Jamaica’s Charlyne Smith has made history at the University of Florida by becoming the first Black woman to be awarded a Ph.D. in nuclear engineering.
Smith was born and raised in St. Catherine, Jamaica and is an alumnus of Spanish Town-based St. Catherine High School.
She pursued her degree on a scholarship from the Coppin State University in Baltimore, Maryland, where she graduated in 2017 with a degree in chemistry and mathematics. The following year she was awarded a coveted National Science Foundation Graduate Research Fellowship.
Charlyne Smith said her grandfather convinced her to use intellect.
“Growing up in St. Catherine, Jamaica, we had limited resources – water, power, shelter. I could have chosen to study any of those, but I was most interested in energy,” she told MSE. “I grew up with electricity issues, and I want future generations of children to grow up there without knowing what that is like.
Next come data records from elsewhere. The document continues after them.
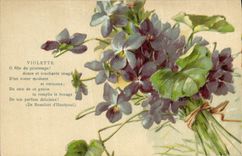 Vintage Postcard Fantasy Flowers Violet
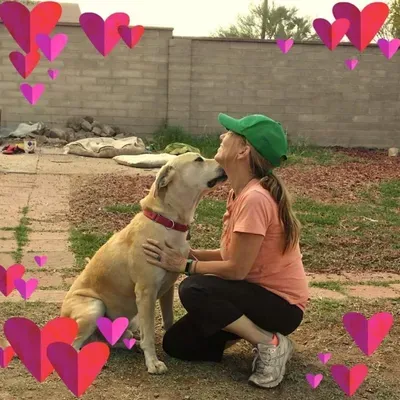 A & G Pet Grooming  LLC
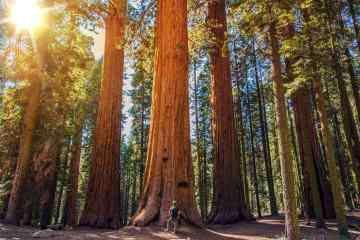Redwoods, California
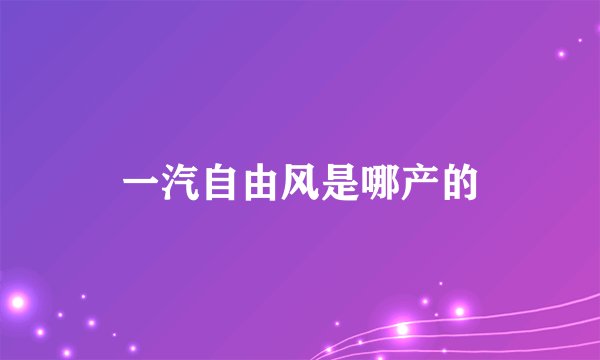 一汽自由风是哪产的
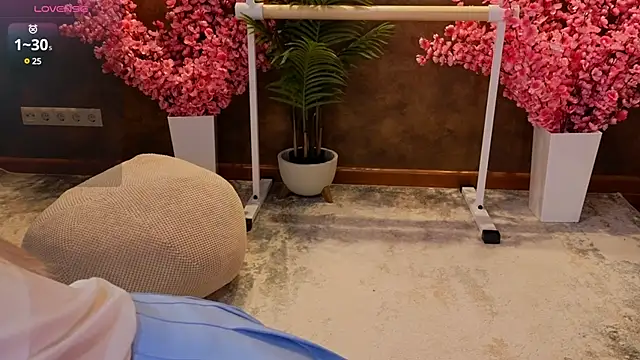 Snapshot of aishiro chatting on February 2025 01:10:02 PM aishiro online show from February 2025 01:10:02 PM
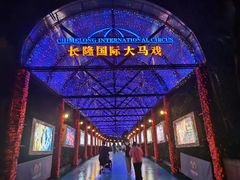 -广州长隆国际大马戏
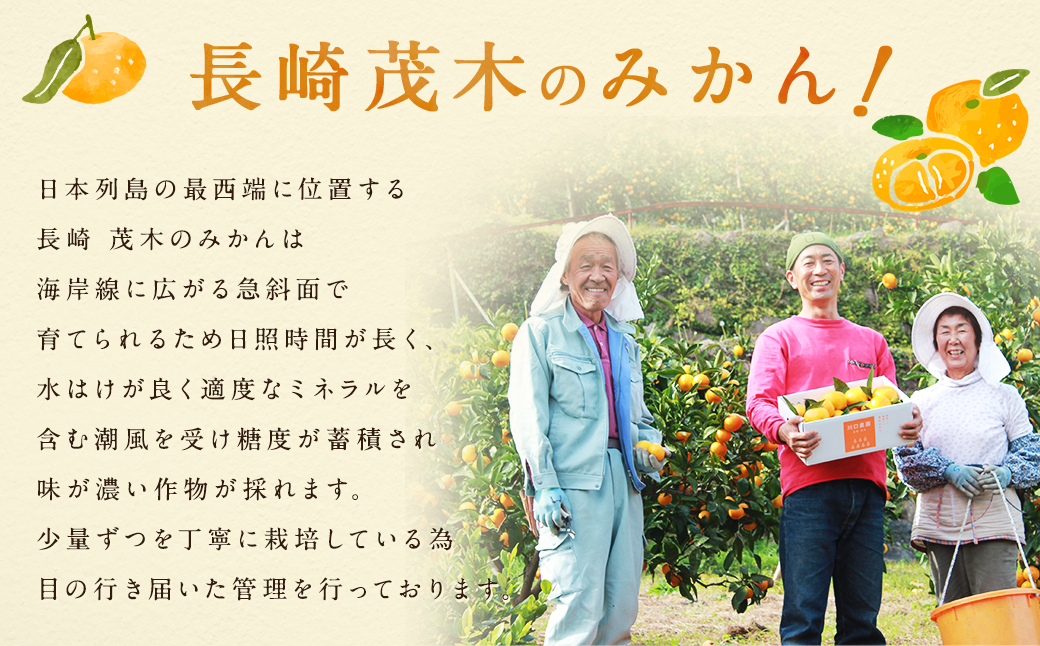 長崎県産 温州みかん 3kg ( 個数・サイズ おまかせ )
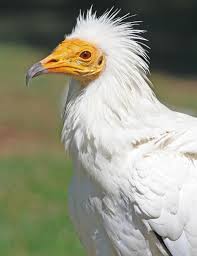 The nest is an untidy platform of twigs on a cliff edge or in the fork of a tree. Portrait Of Egyptian Vulture Weird Birds Pet Birds Vulture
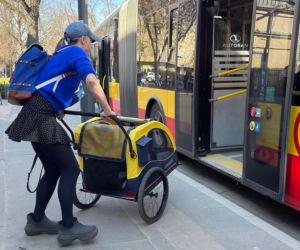 Tak Damięcka dba o psa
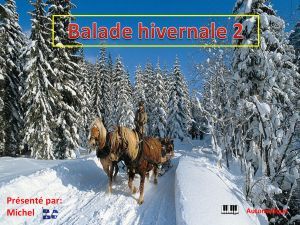 balade_hivernale_2_michel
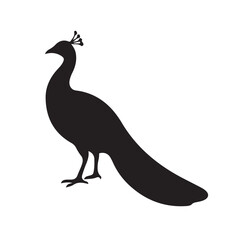 Peacock silhouette white background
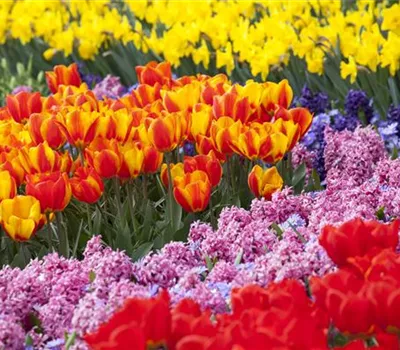 Blumenzwiebeln als Highlight bei der Gartengestaltung Blumenzwiebeln als Highlight bei der Gartengestaltung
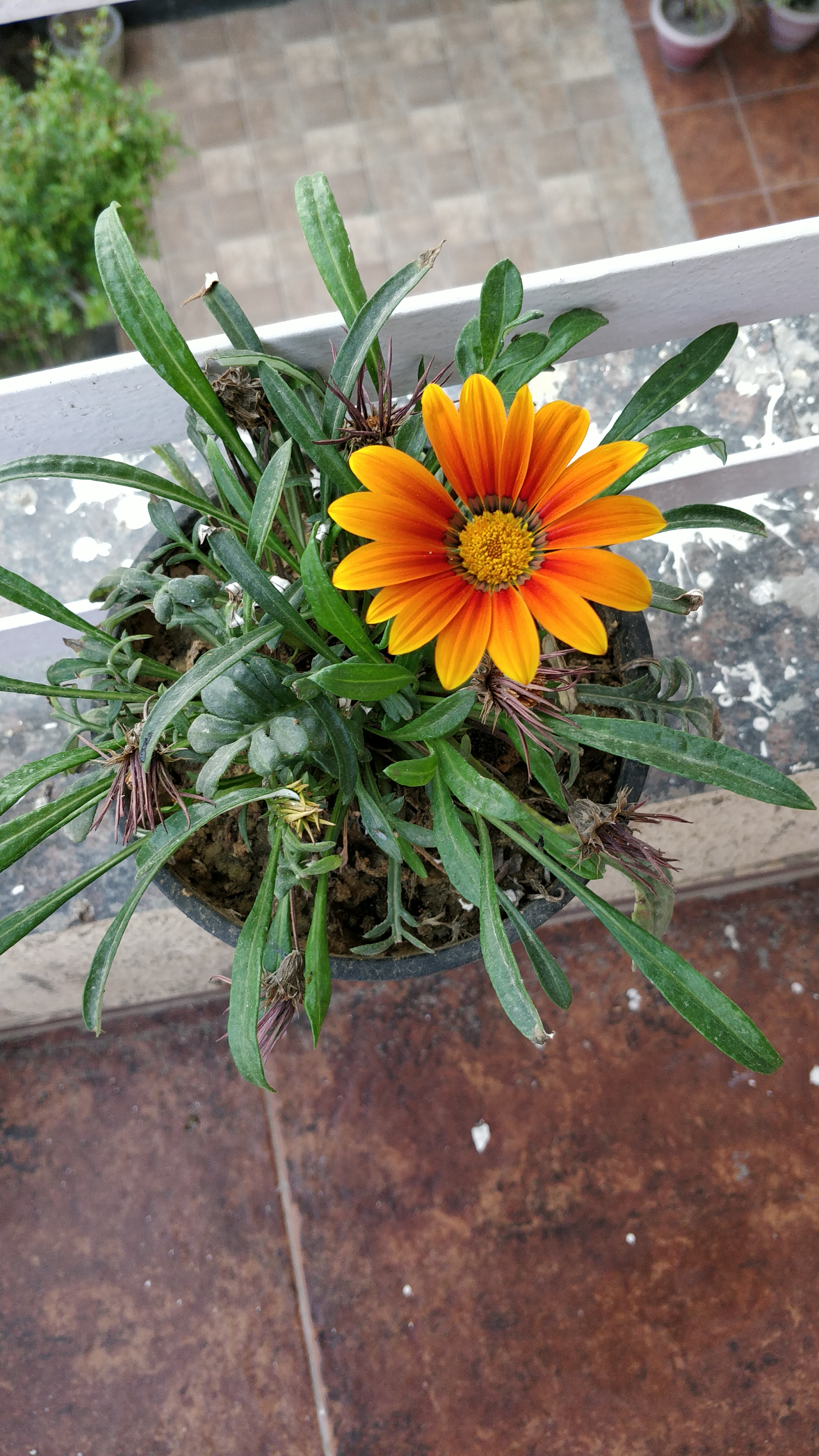 Potted Treasureflower with a single orange bloom and some browning leaves.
I originally wanted to study solar energy, but I found that the technological advances were slow in solar. I started investigating nuclear engineering and discovered the field had a lot of potential for improving energy production more immediately.”
Prime Minister of Jamaica Andrew Holness congratulated Smith on her major achievement.
“Congratulations to our very own Charlyne Smith, the first black woman to earn a PhD in nuclear engineering from the university of Florida,” he wrote. “Charlyne, who grew up in St Catherine and is a former student of my alma mater, the St Catherine High School, graduated with her doctorate from the University of Florida last month.”